In the early Sixties, America was mired in earthly miseries threatening its future, from deep-seated segregation in the heartland to a seemingly unending power struggle with the Soviet Union. Despite the tumult, it managed to set optimistic sights on outer space. In 1961 Al Shepard became the first American to dip a toe into the eerie abyss, and a year later, John Glenn planted a solid footing as the first American to orbit Earth. With Glenn’s recent passing, many people are wondering what life must have been like as a space pioneer during the Cold War — to be catapulted into the unknown equipped with prototype rocket science and the hefty weight of a country’s expectations. As one of the chosen few to cross the terrestrial threshold and catch a glimpse of the planet he calls home thousands of miles up in the stratosphere, Glenn brought back a unique vantage point that helped secure our fragile world.
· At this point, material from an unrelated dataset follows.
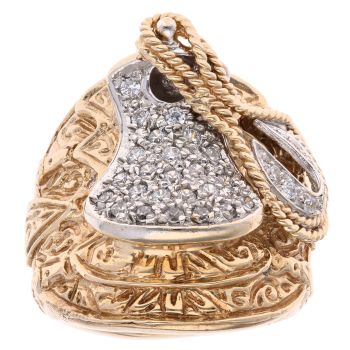 9ct Yellow and White Gold Cubic Zirconia Saddle Ring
Sixteen years after his space ride, Glenn as Senator of Ohio served as chief architect and advocate of the 1978 Nuclear Non-Proliferation Act to help prevent the use of nuclear materials for nuclear weapons. By then, about 100 countries had already joined the Treaty of Nuclear Non-Proliferation, an international pact that, among other commitments, bound states to forego any aspirations to acquire nuclear weapons in exchange for access to nuclear materials and technologies for peaceful use. The Nuclear Non-Proliferation Act outlined how the United States would reinforce this grand bargain, mainly that it will assure adequate supply of nuclear fuel to countries that abide by non-proliferation policies, such as implementing full-scope safeguards to verify that nuclear materials are indeed used with peaceful intentions. Overall, the Act attempted to create a framework in which the United States, as a reliable nuclear supplier, could cooperate with countries eager to benefit from the nuclear fuel cycle without the danger of diverting material for military projects. The Act was critiqued for its grandiose visionand until this day has yet to fulfill all of its objectives; since the passage of the Act, the United States has struggled to keep apace with other formidable nuclear suppliers, and several non-nuclear weapon states went on to pursue nuclear fuel cycle technologies on their own. Still, it is considered as a cornerstone of American nonproliferation policy as it developed a strong set of conditions for nuclear exports and bilateral civil nuclear cooperation.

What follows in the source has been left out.